Event

Research Seminar: RM-replay: a high-fidelity tuning, optimization and exploration tool for resource management

  • Conférencier  Maxime Martinasso, Chief Technical Officer, CSCS

  • Lieu

    Room 1.030 Maison du Nombre (MNO), Campus Belval 6, avenue de la Fonte L-4364 Esch-sur-Alzette

    LU

Leading hybrid and heterogeneous supercomputing systems process hundreds of thousands of jobs using complex scheduling algorithms and parameters. The centres operating these systems aim to achieve higher levels of resource utilization while being restricted by compliance with policy constraints. There is a critical need for a high-fidelity, high-performance tool with familiar interfaces that allows not only tuning and optimization of the operational job scheduler but also enables exploration of new resource management algorithms. We propose a new methodology and a tool called RM-Replay which is not a simulator but instead a fast replay engine for production workloads. Slurm is used as a platform to demonstrate the capabilities of our replay engine. The tool accuracy is discussed and our investigation shows that, by providing better job runtime estimation or using topology-aware allocation, scheduling metric values vary. The presented methodology to create fast replay engines can be extended to other complex systems.

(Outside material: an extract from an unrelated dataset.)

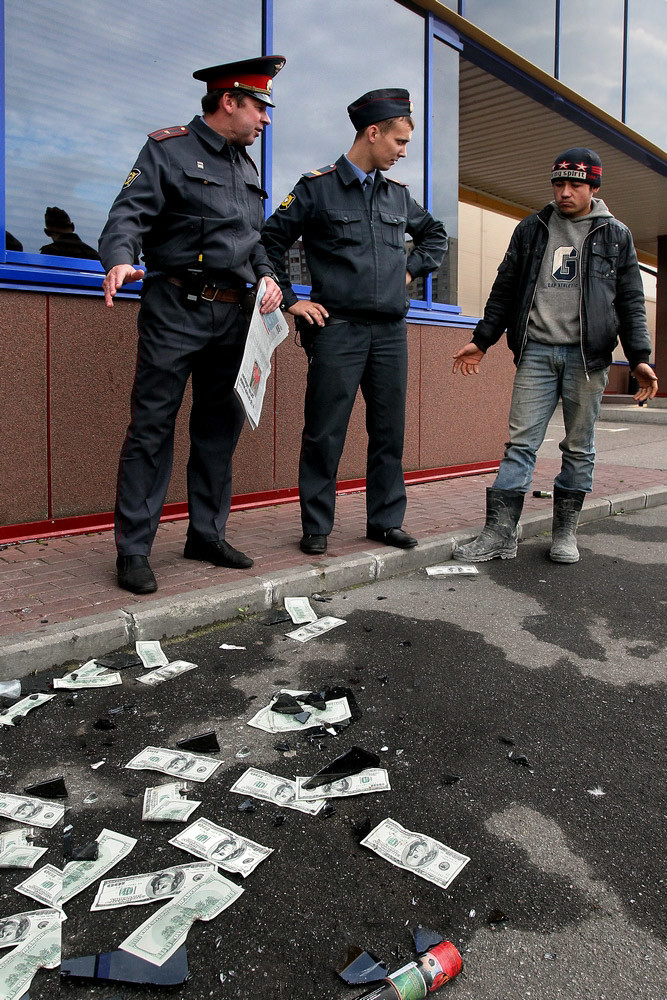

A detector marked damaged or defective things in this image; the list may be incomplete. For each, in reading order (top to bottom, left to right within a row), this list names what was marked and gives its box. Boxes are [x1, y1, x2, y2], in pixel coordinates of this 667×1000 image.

broken glass shard [177, 728, 219, 752]
broken glass shard [302, 752, 380, 788]
broken glass shard [59, 948, 188, 988]
broken glass shard [336, 944, 388, 984]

Maxime Martinasso is a computer scientist and deputy of the Chief Technical Officer at CSCS, the Swiss National Supercomputing Centre. In his role, he is part of a team-leading the Centre towards strategic goals by managing the conception and development of key initiatives such as cloud technology or hardware benchmarking. His interests focus on performance modelling, network, resource management and HPC technology in general. Previously, Maxime worked as an HPC specialist and team lead for one major oil industry company. He obtained his PhD on performance modelling applied to HPC technology in 2007 from the University Joseph Fourier, France.